Middlebury– December 28, 2022 – Construction has begun on a new plant in the town’s industrial park that will convert organic waste from area businesses into electric power. At the same time it will lessen the workload of the town’s aging wastewater treatment plant.
The Middlebury Resource Recovery Center, or MRRC, is being built at 177 Industrial Ave. It has been in the works for around six years, according to Todd Hasselbeck, vice president of PurposeEnergy Inc., the company that will own and operate the center.
Hasselbeck led a groundbreaking ceremony at the project site on Friday, Dec. 16, which drew representatives of several businesses that will provide organic waste for the new facility to process into electricity.
“PurposeEnergy and all of our feedstock partners … have been extraordinarily patient through this lengthy process,” Hasselbeck said during a recent interview. “We’re grateful to have finally started the project and look forward to having it join our other working projects in Vermont, as soon as possible.”
He said the MRRC will take around a year to be built and put into service. It’s one of four PurposeEnergy resource recovering centers in Vermont that are in various states of operation or planning. Two of them — in South Burlington and Shelburne — have been going for several years. Middlebury’s will be the third to come online, and a fourth is being planned for the St. Albans industrial park, according to Hasselbeck.
Once completed, the MRRC will consist of an anaerobic digester, a generator to produce renewable electricity from digester biogas, and a related building and conduit. The project will include a pipeline of roughly one mile through which it will receive organic waste from three businesses in the Middlebury industrial park: Agri-Mark/Cabot cheese plant, Vermont Cider Company and the WhistlePig Rye Whiskey distillery that recently acquired the Otter Creek Brewing plant at 793 Exchange St. The pipeline will stretch through rights-of-ways on Exchange Street, with spurs into the aforementioned businesses.

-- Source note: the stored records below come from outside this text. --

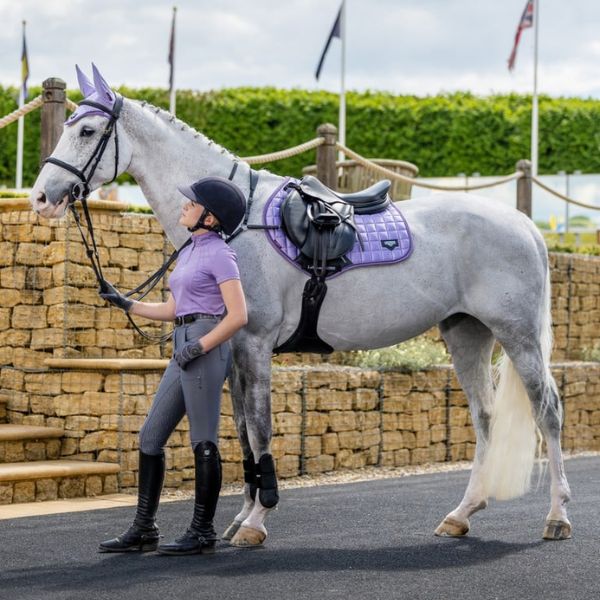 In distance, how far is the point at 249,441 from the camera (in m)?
5.93

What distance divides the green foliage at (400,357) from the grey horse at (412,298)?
132 inches

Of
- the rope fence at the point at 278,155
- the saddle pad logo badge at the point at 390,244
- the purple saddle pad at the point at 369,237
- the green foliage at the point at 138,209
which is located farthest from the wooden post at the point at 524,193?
the saddle pad logo badge at the point at 390,244

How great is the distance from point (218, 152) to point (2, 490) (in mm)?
2700

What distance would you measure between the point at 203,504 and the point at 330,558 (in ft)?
2.14

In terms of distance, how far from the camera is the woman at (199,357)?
547cm

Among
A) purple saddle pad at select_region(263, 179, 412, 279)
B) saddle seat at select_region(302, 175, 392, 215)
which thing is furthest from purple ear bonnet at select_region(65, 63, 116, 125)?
saddle seat at select_region(302, 175, 392, 215)

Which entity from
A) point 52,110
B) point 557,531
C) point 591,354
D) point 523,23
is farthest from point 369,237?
point 523,23

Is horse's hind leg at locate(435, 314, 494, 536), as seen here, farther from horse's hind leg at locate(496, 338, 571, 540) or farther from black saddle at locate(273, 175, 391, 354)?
black saddle at locate(273, 175, 391, 354)

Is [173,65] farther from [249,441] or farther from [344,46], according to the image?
[249,441]

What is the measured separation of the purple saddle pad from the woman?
1.22 feet

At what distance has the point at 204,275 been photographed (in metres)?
5.52

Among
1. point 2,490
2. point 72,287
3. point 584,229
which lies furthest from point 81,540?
point 584,229

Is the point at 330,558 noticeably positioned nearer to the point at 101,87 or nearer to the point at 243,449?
the point at 243,449

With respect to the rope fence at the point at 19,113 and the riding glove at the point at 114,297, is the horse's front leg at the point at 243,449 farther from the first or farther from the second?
the rope fence at the point at 19,113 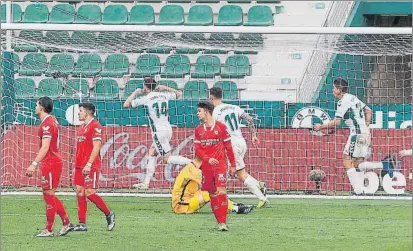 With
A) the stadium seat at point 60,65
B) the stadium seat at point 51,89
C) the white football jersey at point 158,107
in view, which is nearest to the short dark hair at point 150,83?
the white football jersey at point 158,107

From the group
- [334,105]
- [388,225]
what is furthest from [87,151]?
[334,105]

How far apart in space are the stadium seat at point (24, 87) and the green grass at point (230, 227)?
2125mm

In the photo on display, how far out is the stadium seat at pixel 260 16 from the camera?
22.8 metres

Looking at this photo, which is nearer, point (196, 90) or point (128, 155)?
point (128, 155)

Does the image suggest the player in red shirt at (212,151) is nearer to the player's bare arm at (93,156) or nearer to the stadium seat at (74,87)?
the player's bare arm at (93,156)

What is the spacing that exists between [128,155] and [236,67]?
2.62 m

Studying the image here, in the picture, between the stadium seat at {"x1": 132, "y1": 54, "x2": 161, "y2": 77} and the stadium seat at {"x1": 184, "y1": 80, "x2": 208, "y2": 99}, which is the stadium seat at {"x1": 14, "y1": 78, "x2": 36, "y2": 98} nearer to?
the stadium seat at {"x1": 132, "y1": 54, "x2": 161, "y2": 77}

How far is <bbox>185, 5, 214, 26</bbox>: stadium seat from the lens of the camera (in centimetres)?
2317

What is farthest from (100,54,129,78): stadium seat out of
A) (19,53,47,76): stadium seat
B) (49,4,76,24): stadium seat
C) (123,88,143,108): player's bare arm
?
(49,4,76,24): stadium seat

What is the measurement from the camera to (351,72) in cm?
1831

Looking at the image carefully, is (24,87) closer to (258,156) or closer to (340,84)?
(258,156)

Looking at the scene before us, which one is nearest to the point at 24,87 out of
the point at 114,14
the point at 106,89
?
the point at 106,89

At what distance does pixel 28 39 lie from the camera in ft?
58.1

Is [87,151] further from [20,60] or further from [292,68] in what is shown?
[292,68] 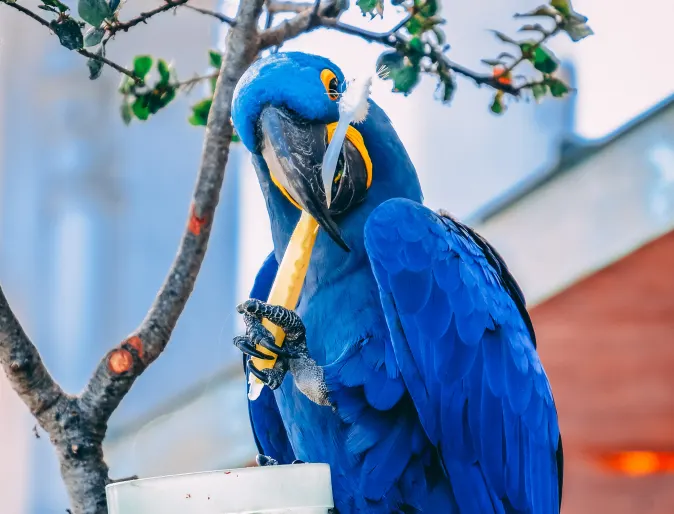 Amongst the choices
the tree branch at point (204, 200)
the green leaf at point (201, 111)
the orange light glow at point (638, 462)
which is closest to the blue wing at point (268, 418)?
the tree branch at point (204, 200)

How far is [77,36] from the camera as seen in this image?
1.16m

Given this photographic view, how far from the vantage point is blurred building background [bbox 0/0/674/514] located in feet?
5.49

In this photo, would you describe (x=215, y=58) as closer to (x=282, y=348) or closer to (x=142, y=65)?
(x=142, y=65)

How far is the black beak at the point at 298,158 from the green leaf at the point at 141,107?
403 mm

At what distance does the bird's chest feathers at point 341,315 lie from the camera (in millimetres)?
1194

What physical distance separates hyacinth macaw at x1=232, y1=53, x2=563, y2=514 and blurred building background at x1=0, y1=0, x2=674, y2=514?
438 millimetres

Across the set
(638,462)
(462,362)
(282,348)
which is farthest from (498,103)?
(638,462)

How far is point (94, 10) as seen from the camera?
3.78ft

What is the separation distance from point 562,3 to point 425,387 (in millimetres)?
687

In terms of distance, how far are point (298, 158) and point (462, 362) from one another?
0.37 metres

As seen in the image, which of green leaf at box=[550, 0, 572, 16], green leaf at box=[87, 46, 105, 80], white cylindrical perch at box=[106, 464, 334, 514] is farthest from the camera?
green leaf at box=[550, 0, 572, 16]

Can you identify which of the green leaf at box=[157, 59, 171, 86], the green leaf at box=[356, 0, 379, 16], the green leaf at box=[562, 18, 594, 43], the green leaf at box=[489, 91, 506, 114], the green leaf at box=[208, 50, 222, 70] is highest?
the green leaf at box=[208, 50, 222, 70]

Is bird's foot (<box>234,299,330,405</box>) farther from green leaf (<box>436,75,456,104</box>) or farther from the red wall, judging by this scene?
→ the red wall

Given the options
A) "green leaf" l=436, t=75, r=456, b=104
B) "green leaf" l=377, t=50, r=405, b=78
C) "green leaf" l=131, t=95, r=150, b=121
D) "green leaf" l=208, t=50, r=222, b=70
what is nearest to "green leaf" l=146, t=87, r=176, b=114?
"green leaf" l=131, t=95, r=150, b=121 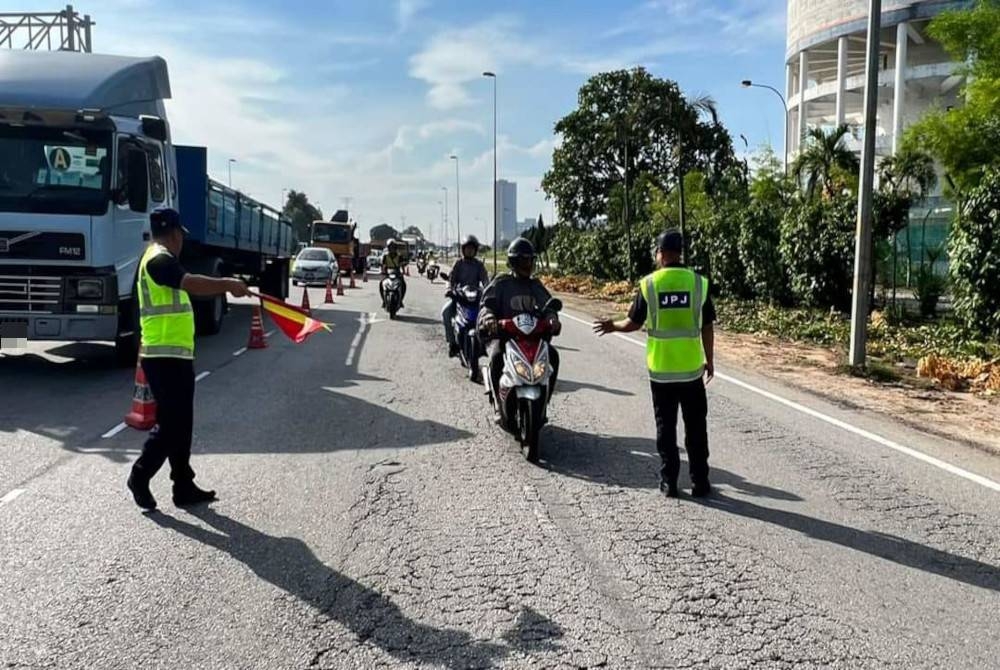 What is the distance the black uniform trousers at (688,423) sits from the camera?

Hasselbeck said he’s hoping to negotiate additional waste agreements with other Middlebury industrial park industries, such as Aqua ViTea.
The MRRC will also be fueled by waste trucked in from up to 50 miles away, according to Hasselbeck. PurposeEnergy currently has around a dozen waste partners under contract, officials said.
It should be noted that the MRCC won’t be looking for just any kind of organic waste.
“We’re looking for high-calorie waste,” Hasselbeck said. “Those things that have a lot of potential energy would be things like ice cream waste, soft-drink waste, bakery waste, cheese waste … and cider/beer waste.”
The MRRC won’t take any hazardous, septic or sanitary waste.
“All the waste is coming from food-grade processors,” Hasselbeck said. “It’s all been ‘cooked,’ or sanitized, before we get it.”
When fully operational, the PurposeEnergy facility will treat around 80,000 gallons per day of food waste and wastewater, an organic load equivalent to roughly 1,000 homes.
Should the center receive more demand for its services, it could accommodate that by adding more storage tanks. The plant is being built with three.
A “Tribrid-Bioreactor” process at the resource recovery center will convert the organics in food and beverage waste into biogas to generate more than 1 megawatt of renewable electricity for Vermont homes and businesses on a 24/7 basis. That energy will be funneled into the Green Mountain Power (GMP) grid and made available to consumers who specifically request a green energy option. PurposeEnergy will be compensated for the energy through Vermont’s Standard Offer program.
Unlike solar and wind, resource recovery facilities don’t see an interruption in energy production if the sun stops shining or the wind stops blowing, Hasselbeck noted.
“An advantage for GMP with (the MRRC’s) power is that it’s not intermittent,” he said.
Wastewater Treatment
In addition to generating electricity and providing a productive disposal option for organic waste generators, the MRRC is expected to take some pressure off a Middlebury wastewater treatment plant that is being sized up for a multi-million-dollar modernization project.
PurposeEnergy officials said the Middlebury facility will also:
PC Construction — general contractor for the MRRC project — estimates needing an average of 25 workers throughout the one-year construction period. Once operational, the facility will employ one full-time licensed wastewater operator, four part-time employees, and ancillary jobs for participating local industries.
“The project will improve economic opportunity in the area by providing a lower cost, greener alternative for disposing of food waste,” reads a project narrative provided by PurposeEnergy.